Acho que respondi a contento, no último artigo, como penso o processo da leitura. Meu divisor de águas está lá e dá medida escandalosa do apreço que cultivo pela literatura para jovens. Mas é claro que houve boa luz em meu período pós Bandeira e Ziraldo (de quem destaco os livrinhos "Dodó" e "Flicts").

A obra-prima que me arrebatou de vez foi o "Dom Quixote", do Cervantes. Lutar contra os moinhos de vento, contra aquilo que se impõe ao espírito retroativo da nossa memória afetiva. Não é isso que fazemos - ou deveríamos fazer - o tempo todo?
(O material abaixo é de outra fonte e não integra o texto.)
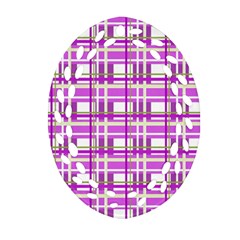 Purple Plaid Pattern Ornament (oval Filigree)  by Valentinaart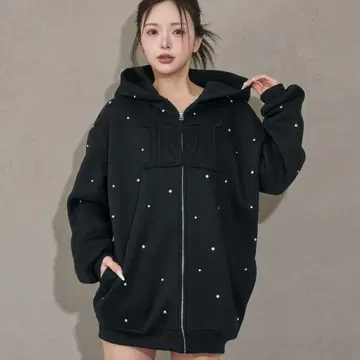 Darich DD 로고 비쥬 지퍼 후드티 블랙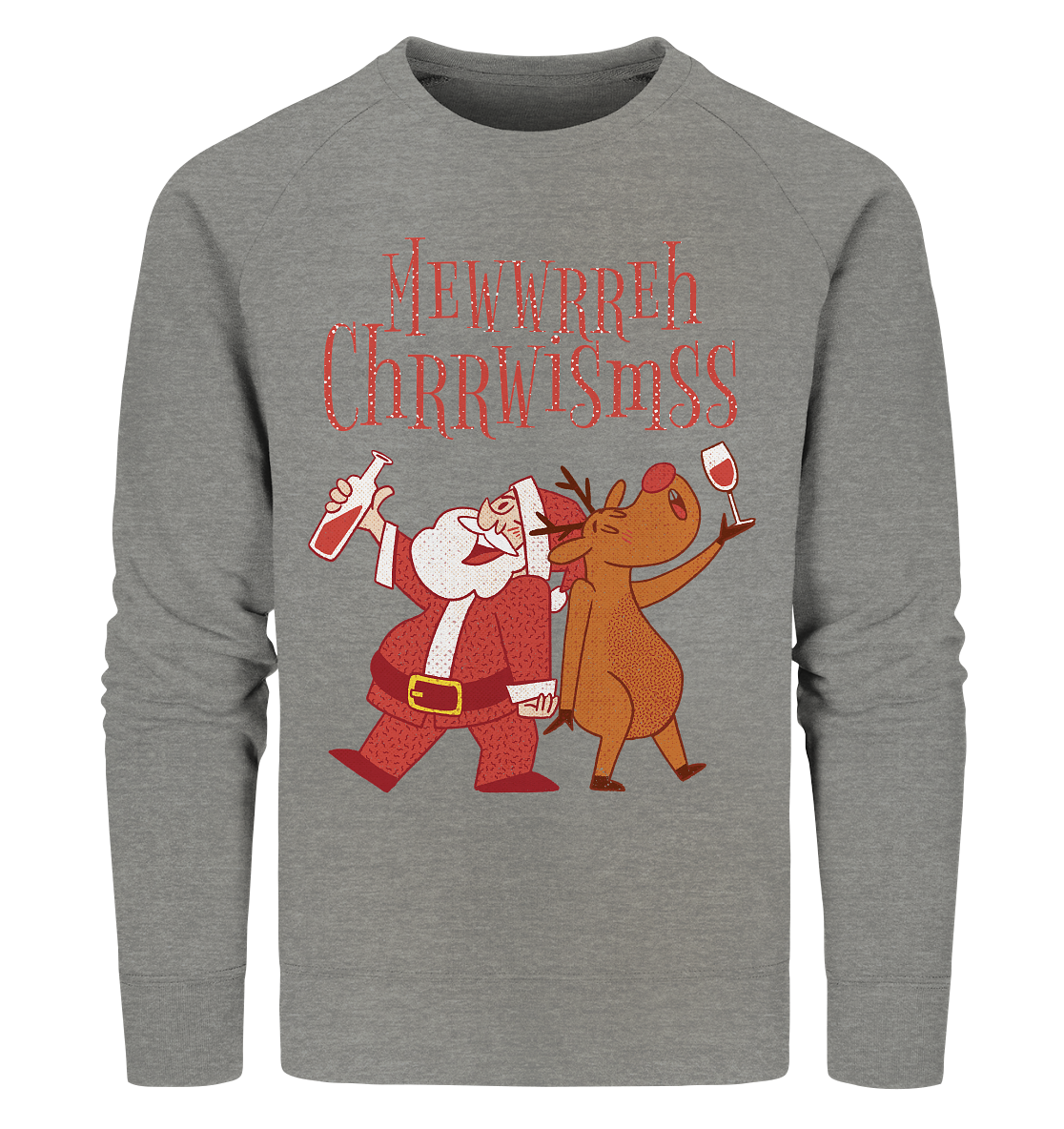 Betrunkerner Nikolaus mit Rentier - Organic Sweatshirt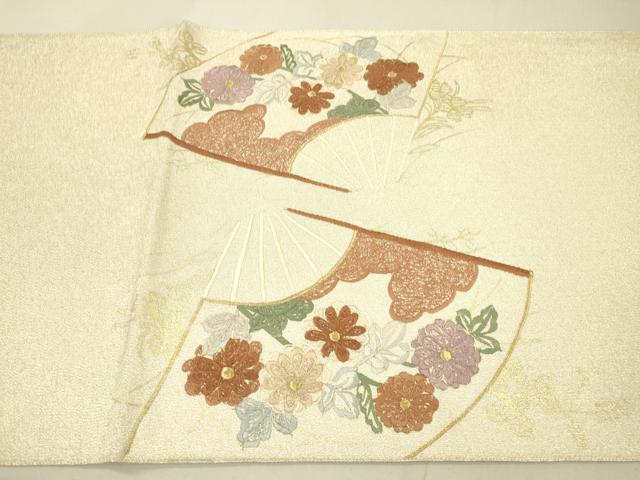 平和屋着物●綴れ 太鼓柄袋帯 刺繍 扇面花文 金銀彩 正絹 逸品 DAAJ6593fe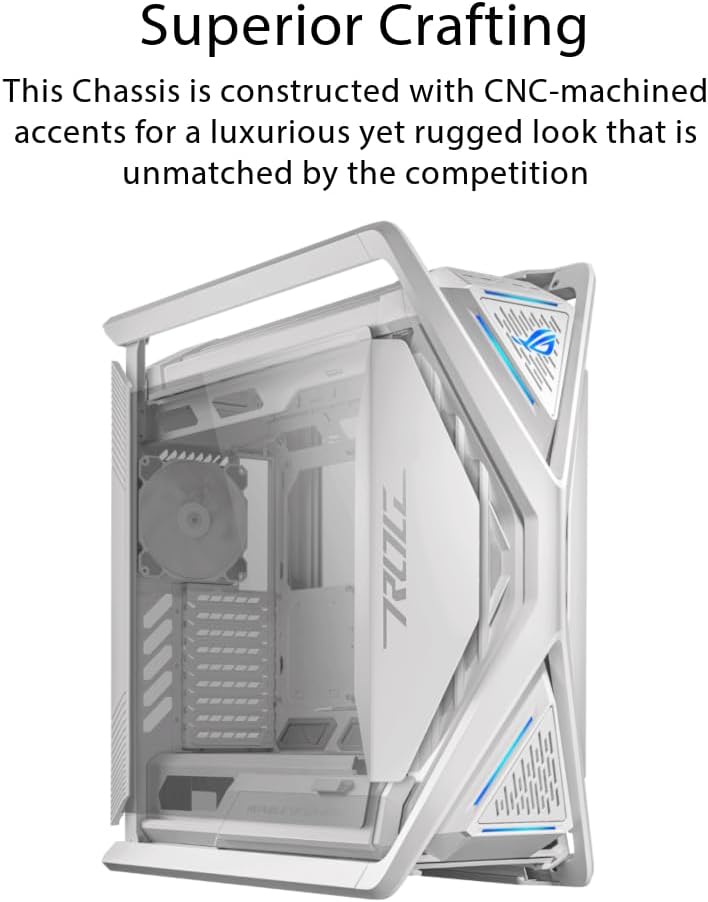 ASUS ROG Hyperion GR701 White EATX Full-Tower Gaming Case, High Airflow Design, Tool-Free Side Panels, Pre-Installed 4x140mm Fans, Supports 420mm Radiators, Built-in GPU Holder, Front USB-C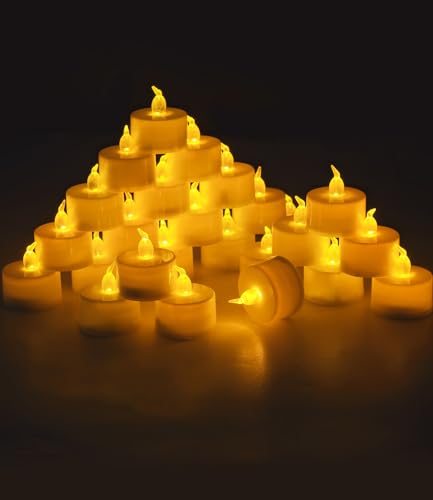 Birshe Juego de 25 LED Velas, Té Parpadeantes LED Velas de Navidad Velas Halloween,Llama...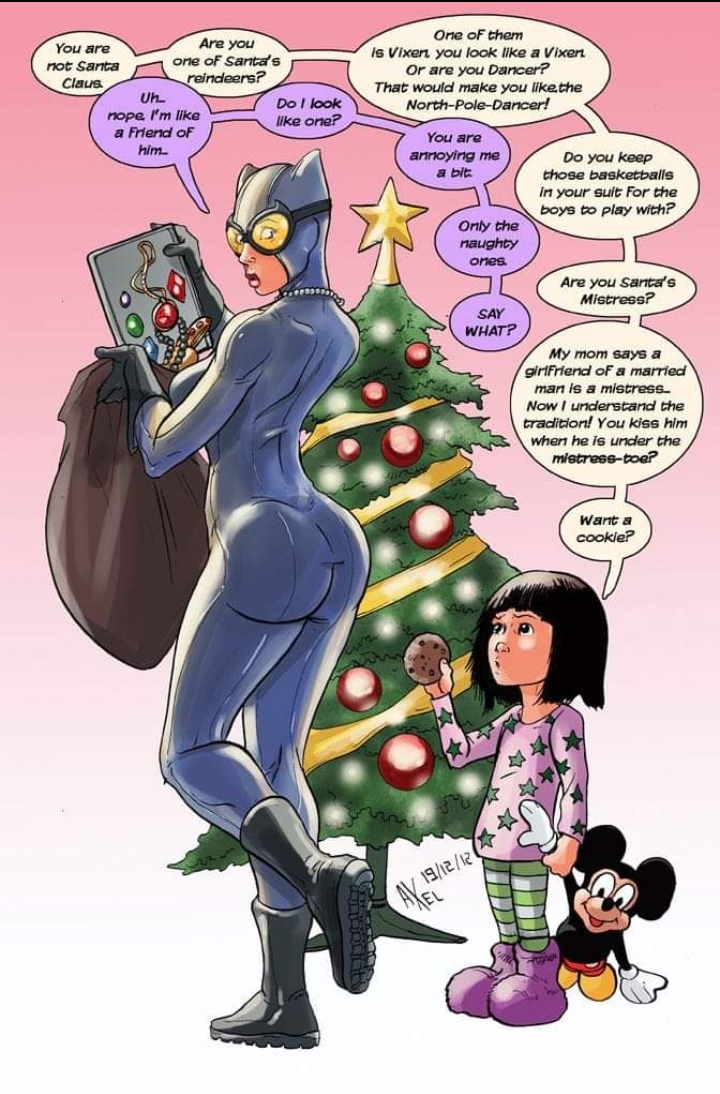 2012 2girls artist_name ass axel_medellin batman_(series) big_ass blue_bodysuit bodysuit boots catwoman christmas christmas_tree curvy curvy_female curvy_figure dat_ass dc dc_comics english_text fat_ass female female_only gloves gotham_city_sirens light-skinned_female pawg stealing straight_hair tagme_(artist) text thief tight_clothing villain villainess voluptuous voluptuous_female wide_hips young_girl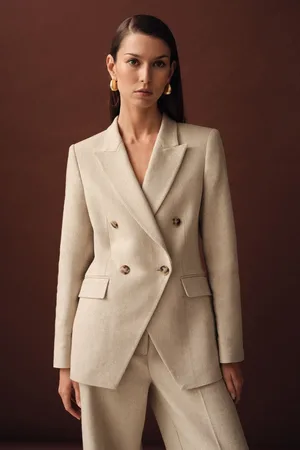 Reiss Linen-blend Double-breasted Suit Jacket, 4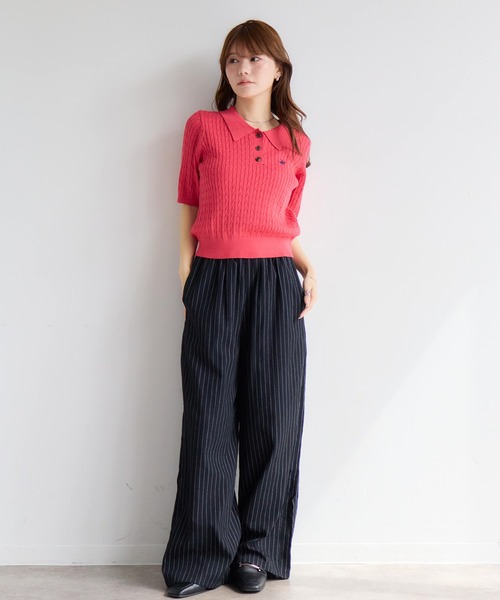 BEVERLY HILLS POLO CLUB(ビバリーヒルズポロクラブ)の「【Bevery Hills Polo Club/ビバリーヒルズ ポロクラブ】ワンポイント刺繍 ケーブル編み リブ半袖ポロニット(ニット/セーター・レディース・チャコールグレー/コーラルピンク/アイボリー・M)」の11枚目の写真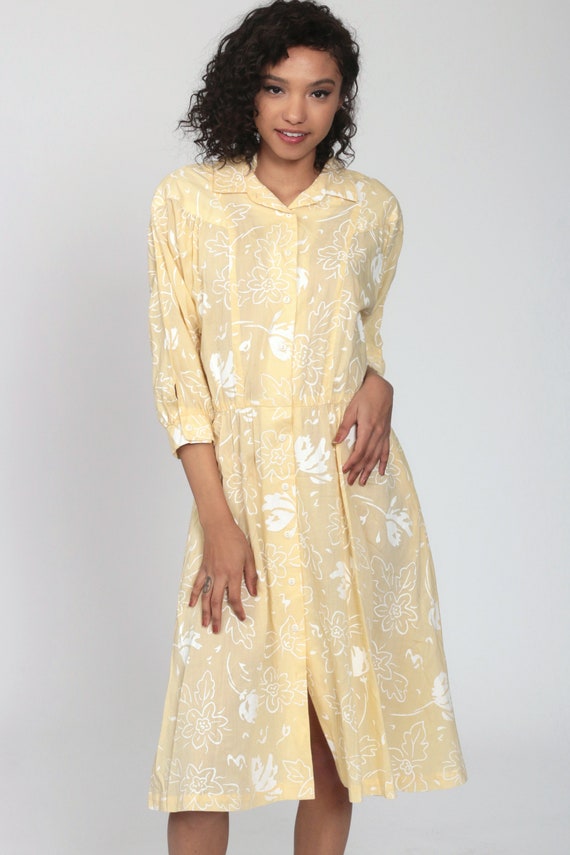 80s Floral Dress Yellow Midi Dress Dolman Sleeve … - image 4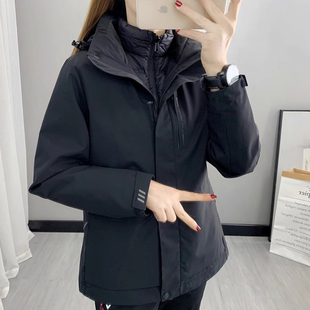 羽绒内胆户外冲锋衣男女三合一可拆卸保暖防风防水团购工作登山服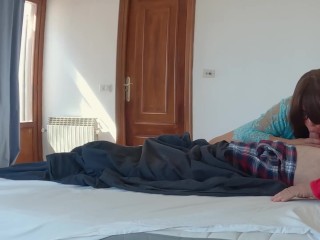 MILF Stepmom Pleasures Injured Stepson To Get The Cum She's Been Craving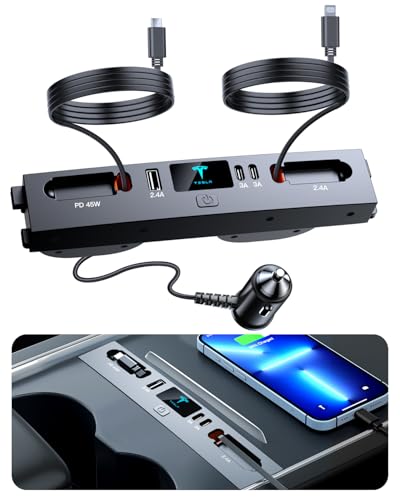 Car USB Charger Multi Port for 2024 2025 Tesla Model 3 Highland & New Model Y Juniper 2026,Multifunctional Tesla Accessories with Logo and Retractable Cable,Tesla USB hub,Gifts for Tesla Owners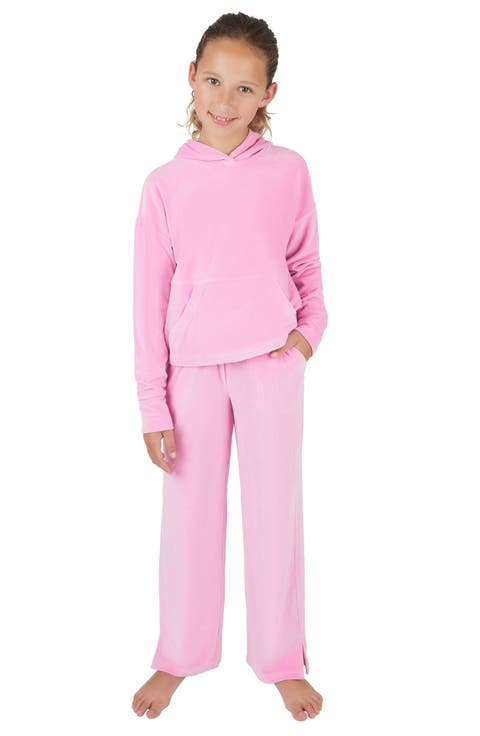 Kids' Rib Velour Sleepover Hoodie & Sweatpants Set (Big Kid)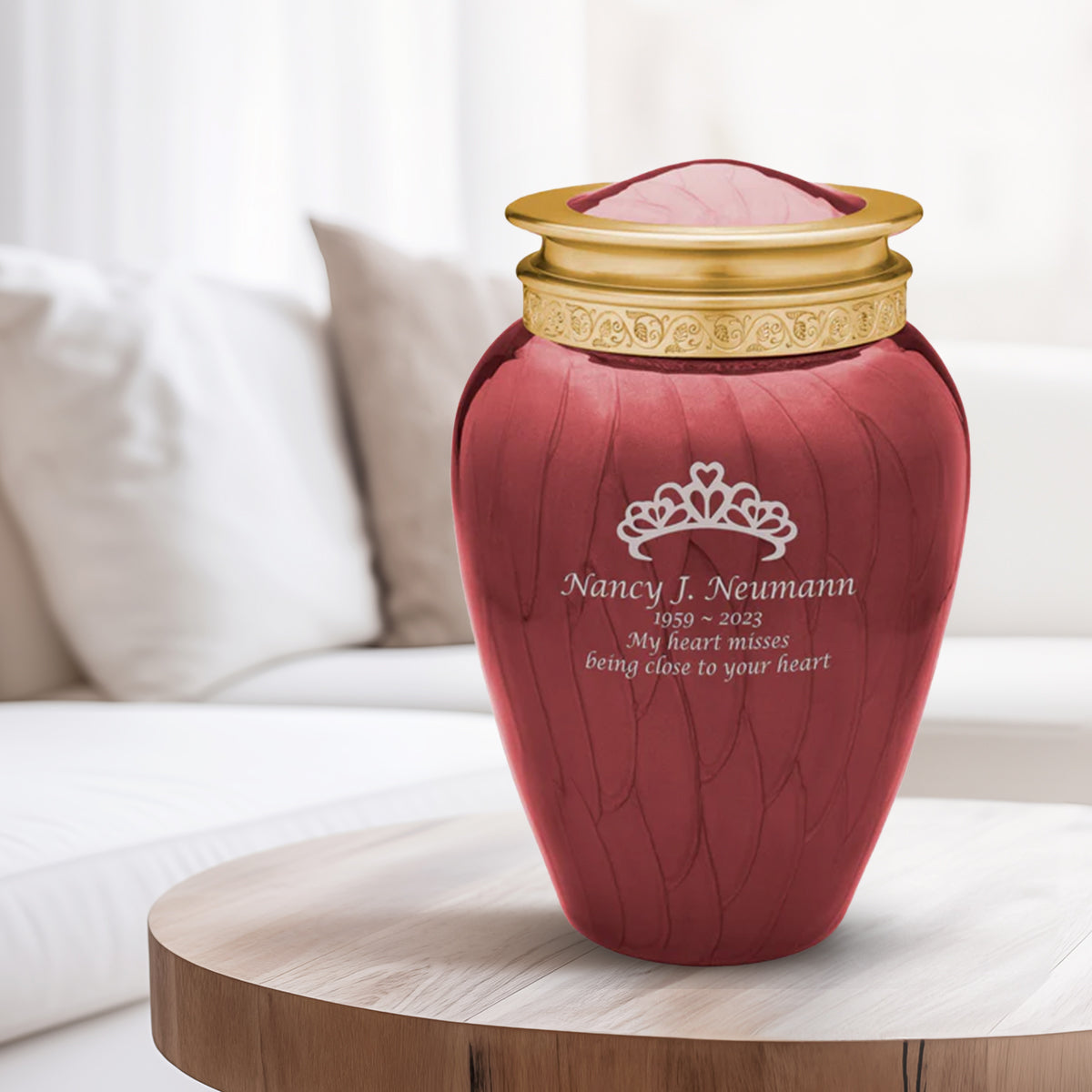 Blessing Standard Adult Urn Pearl Crimson & Brushed Gold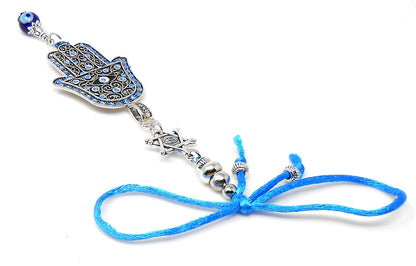 Evil Eye Protection Hamsa Hand & Davide Car Charm, Car Mirror Hanging/Spiritual Car Ornaments Handbag Hanging for Good Luck and Good Fortune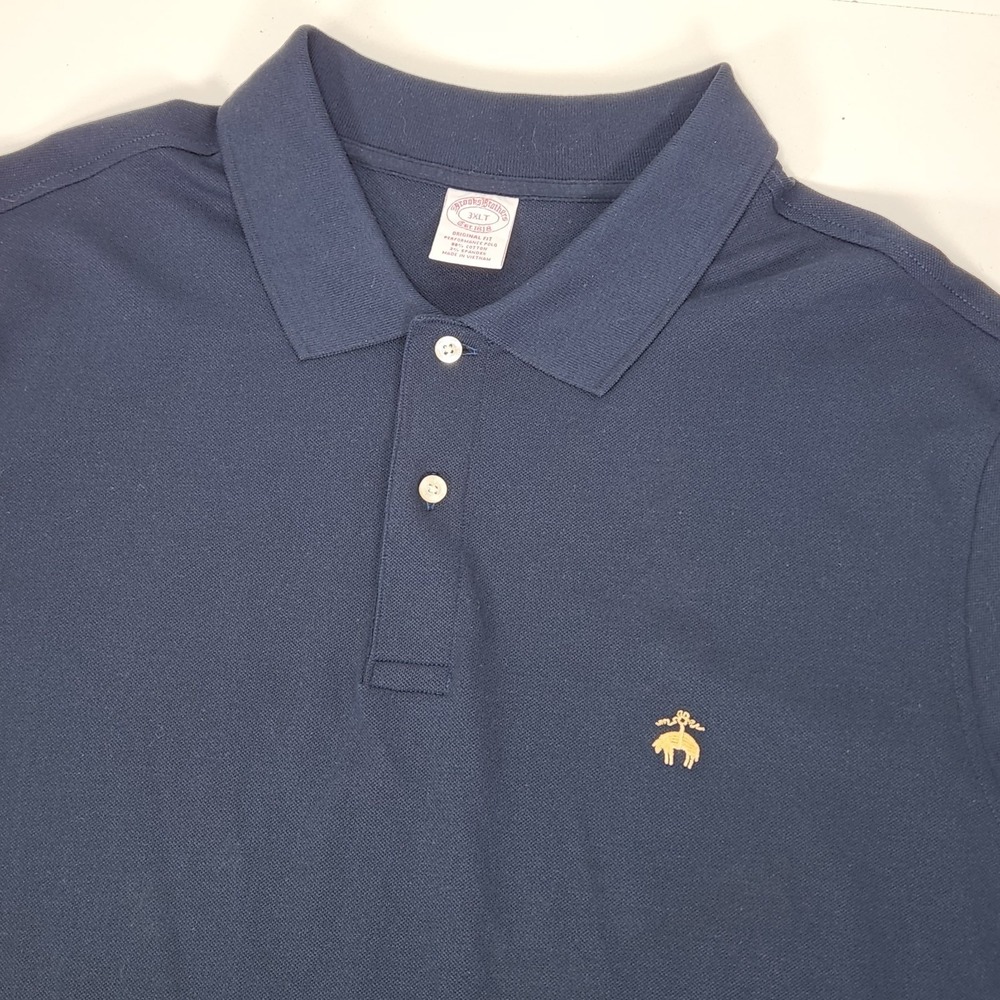 Brooks Brothers 1818 Performance Polo Navy Blue Short Sleeve Shirt Size 3XLT - Picture 2 of 10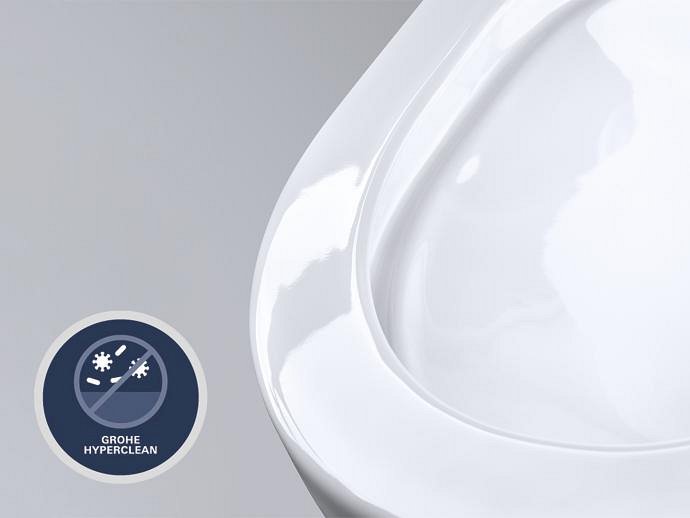 Крупный план поверхности, обработанной с применением технологии Grohe HyperClean. Крупный план поверхности, обработанной с применением технологии Grohe HyperClean.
Confesso que consumi muito mais literatura brasileira que estrangeira. Não por nacionalismo: as traduções tendem a deixar as obras meio soltas, capengas e às vezes desconexas. Perde-se força narrativa. E eu a vontade de ler os gringos. Portanto, até os 20 anos, meus autores prediletos eram (e são) Machado de Assis ("Memórias Póstumas de Brás Cubas"), Lima Barreto ("Clara dos Anjos") e Guimarães Rosa (qualquer conto). Legítimo empate técnico.

Uma visita à biblioteca pública e a iminência da Fuvest fizeram-me descobrir Rubem Fonseca (e através de seus textos a violência como uma norma introjetada nas veias frouxas e inchadas do social). Pirei. Dos mais recentes eu destaco o Fernando Bonassi, que aprendi a gostar nas páginas da revista da rádio 89 FM e a Simone Campos ("No Shopping", 2001), um prodígio de apenas duas décadas de vida.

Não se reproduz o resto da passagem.